A typical scale shows your weight, but it doesn’t tell you how much of that weight is muscle, fat, water, bones, or organs. Someone that strength trains with heavy weights regularly could be off the charts because of extra muscle, but it doesn’t mean they are overweight or fat. Unfortunately, the typical scale doesn’t tell you that.
Why Fat Loss is Better Than Weight Loss
Although the scale can be useful in keeping yourself in line with potential weight gain, it may not be the best tool for people just starting a fat loss program.
Focusing on fat loss is much more important than focusing on your weight. When you lose body fat, you’re making permanent changes in your body, shifting your body composition so that you have less fat and more muscle. When you lose weight, you could be losing water or even muscle.

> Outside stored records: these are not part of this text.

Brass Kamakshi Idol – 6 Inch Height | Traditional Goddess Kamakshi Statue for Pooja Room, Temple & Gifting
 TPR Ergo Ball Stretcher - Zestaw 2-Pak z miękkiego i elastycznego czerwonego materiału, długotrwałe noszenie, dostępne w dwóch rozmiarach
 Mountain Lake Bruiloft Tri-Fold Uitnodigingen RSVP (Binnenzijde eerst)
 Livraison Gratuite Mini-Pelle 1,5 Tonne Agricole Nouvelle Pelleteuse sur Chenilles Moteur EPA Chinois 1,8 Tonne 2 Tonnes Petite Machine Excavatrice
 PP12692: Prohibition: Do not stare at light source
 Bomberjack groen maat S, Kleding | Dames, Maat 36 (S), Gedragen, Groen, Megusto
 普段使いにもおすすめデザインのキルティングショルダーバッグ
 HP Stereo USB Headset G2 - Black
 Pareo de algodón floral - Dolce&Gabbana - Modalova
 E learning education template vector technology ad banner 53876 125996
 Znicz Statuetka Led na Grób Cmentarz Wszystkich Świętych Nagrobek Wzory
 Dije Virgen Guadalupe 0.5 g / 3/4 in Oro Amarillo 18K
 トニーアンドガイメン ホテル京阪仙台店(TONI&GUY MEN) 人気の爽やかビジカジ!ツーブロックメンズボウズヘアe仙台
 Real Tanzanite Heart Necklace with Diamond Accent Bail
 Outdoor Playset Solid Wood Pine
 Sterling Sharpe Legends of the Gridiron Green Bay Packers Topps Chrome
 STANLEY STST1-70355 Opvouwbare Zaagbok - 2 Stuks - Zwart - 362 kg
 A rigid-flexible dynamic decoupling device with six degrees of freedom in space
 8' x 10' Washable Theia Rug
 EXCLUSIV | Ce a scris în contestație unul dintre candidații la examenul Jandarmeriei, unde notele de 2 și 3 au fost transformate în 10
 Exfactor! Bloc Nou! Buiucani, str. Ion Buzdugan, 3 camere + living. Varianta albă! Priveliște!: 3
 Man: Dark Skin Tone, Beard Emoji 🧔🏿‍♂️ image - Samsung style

It’s impossible to know if you’re seeing real results or just the product of your daily habits, hormonal shifts, and changing hydration levels.
Find a New Way to Measure Success
When you first start a weight-loss program, you may need extra encouragement to keep going. You want to see concrete proof that what you’re doing is working. The scale may not always give you that. Let’s take a look at some other ways to measure progress.
Consider other methods to measure success, beyond the scale.
- Take note of how your clothes fit. If they fit more loosely, you know you’re making positive changes. Try them on once a month and make notes on how they fit. Clothes don’t lie.
- Take your measurements to see if you’re losing inches. Measuring your body at different points helps you figure out if you are, in fact, losing body fat and inches.
- Use a free scanning app like MeThreeSixty. This 3D body scanning app gives you a three-dimensional scan of your body and produces measurement and body fat results. You can save your results within the app and compare to your future scans to track your progress.
- Set performance goals. Instead of worrying about weight loss, add some fun to the mix! Focus on completing a certain number of workouts each week or competing in a race. Challenge yourself to reaching a certain push-up or pull-up goal. These are tangible, reachable goals that give you more of that instant gratification the scale doesn’t.